What happens if the Greek government falls? Then it is "risk off" again. Euro spreads will widen, and I would not be surprised if Europe was down 3 percent overnight (but remember U.S. markets are up 1.7 percent this week alone).
This, sadly, is what the global investing community has devolved into: "risk on" and "risk off." There seems to be only two flavors.
I'm exaggerating a bit: distressed debt is still getting hurt, even today, but the general thrust is true. Only two flavors.
You think we have problems? Pity the poor Greek parliamentarian, sitting between the Scylla of their constituents (the Greek people) and the Charybdis of the global banks.

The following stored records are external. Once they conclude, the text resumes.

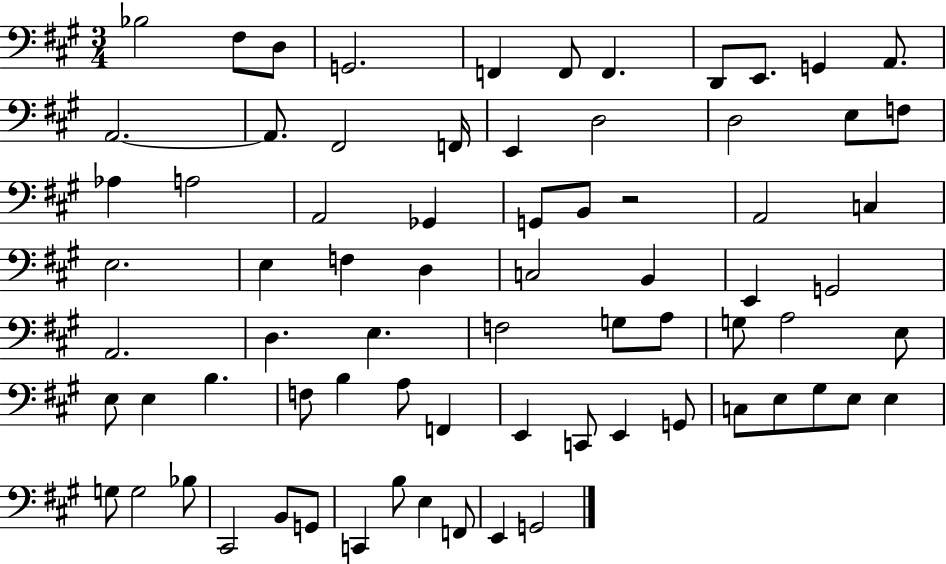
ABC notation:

X:1
T:Untitled
M:3/4
L:1/4
K:A
_B,2 ^F,/2 D,/2 G,,2 F,, F,,/2 F,, D,,/2 E,,/2 G,, A,,/2 A,,2 A,,/2 ^F,,2 F,,/4 E,, D,2 D,2 E,/2 F,/2 _A, A,2 A,,2 _G,, G,,/2 B,,/2 z2 A,,2 C, E,2 E, F, D, C,2 B,, E,, G,,2 A,,2 D, E, F,2 G,/2 A,/2 G,/2 A,2 E,/2 E,/2 E, B, F,/2 B, A,/2 F,, E,, C,,/2 E,, G,,/2 C,/2 E,/2 ^G,/2 E,/2 E, G,/2 G,2 _B,/2 ^C,,2 B,,/2 G,,/2 C,, B,/2 E, F,,/2 E,, G,,2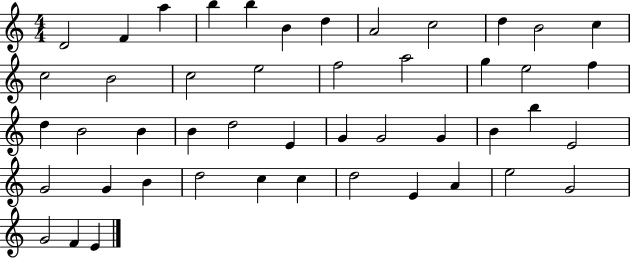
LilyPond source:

{
  \clef treble
  \numericTimeSignature
  \time 4/4
  \key c \major
  d'2 f'4 a''4 | b''4 b''4 b'4 d''4 | a'2 c''2 | d''4 b'2 c''4 | \break c''2 b'2 | c''2 e''2 | f''2 a''2 | g''4 e''2 f''4 | \break d''4 b'2 b'4 | b'4 d''2 e'4 | g'4 g'2 g'4 | b'4 b''4 e'2 | \break g'2 g'4 b'4 | d''2 c''4 c''4 | d''2 e'4 a'4 | e''2 g'2 | \break g'2 f'4 e'4 | \bar "|."
}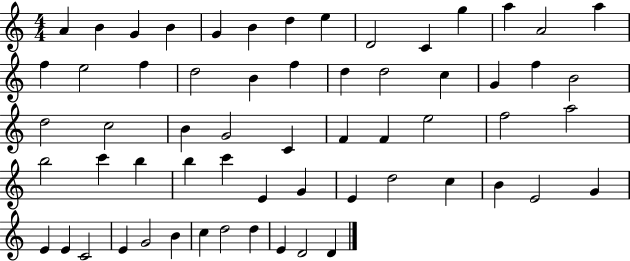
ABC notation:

X:1
T:Untitled
M:4/4
L:1/4
K:C
A B G B G B d e D2 C g a A2 a f e2 f d2 B f d d2 c G f B2 d2 c2 B G2 C F F e2 f2 a2 b2 c' b b c' E G E d2 c B E2 G E E C2 E G2 B c d2 d E D2 D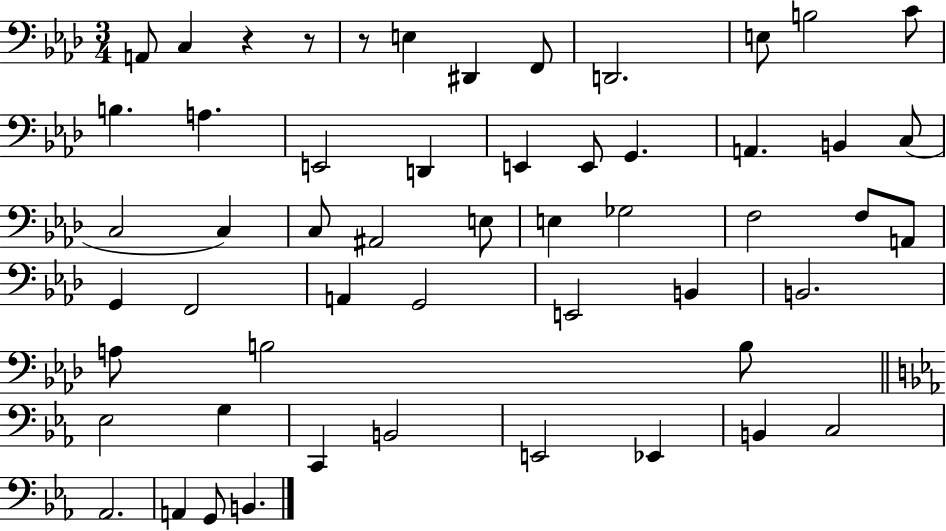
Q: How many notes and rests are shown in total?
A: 54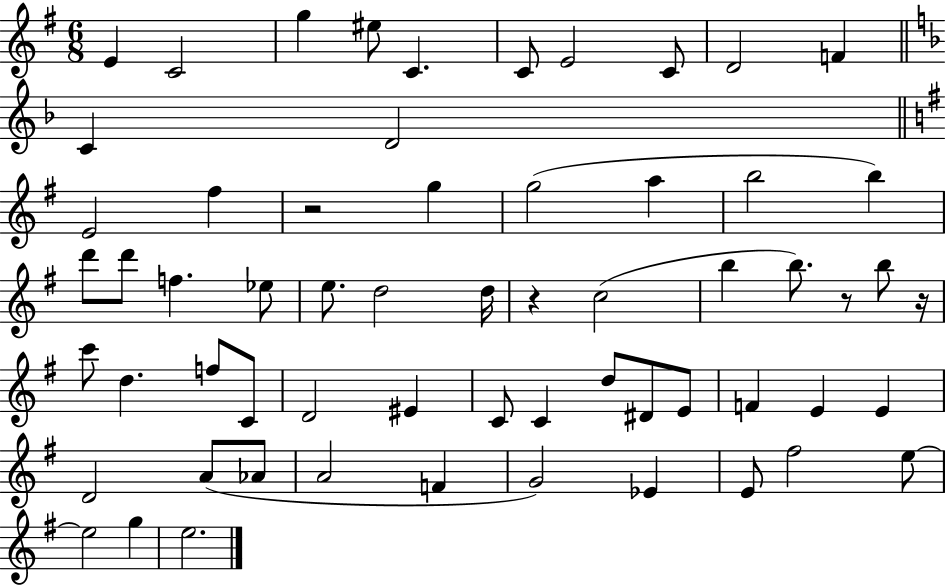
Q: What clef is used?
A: treble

The betting, as you can see, is that the EU and the banks are going to force-feed the Greeks a bailout none of them want.
People who live in glass countries...finally, I was struck by a Reuters story this morning that mentioned that Greece's sovereign debt amounted to 340 billion euros, or more than 30,000 euros per head of its 11.3 million population. That's $42,900 for every man, woman and child in the country.
I thought, my heavens, that's a lot of money, until I checked on the U.S. outstanding public debt per person: $46,201 ($14.3 trillion, with a population of 310 million).
It's not entirely a fair comparison (per-capita income in the U.S. is far higher), but you get the idea.
Elsewhere, the slowdown in retail trading continues. I've been noting that trading activity has been down across the board since April — not just retail, but institutional and high-frequency trading is down.
That trend appears to be continuing in June, at least for retail traders. Retail trading activity as measured by Daily Avenue Revenue Trades (DARTs) of the major eBrokers are down 15 percent through June 17th compared to the same period in May, according to Rich Repetto at Sandler O'Neill.
He is modeling a 5 to 7.5 percent decline in DARTs for the eBrokers for the full month, which means that EPS for the group may fall short of expectations.
Much of this may already be priced in, Repetto notes: online brokers have had a miserable month, down 11.6 percent to date, while the S&P 500 is down only 5 percent.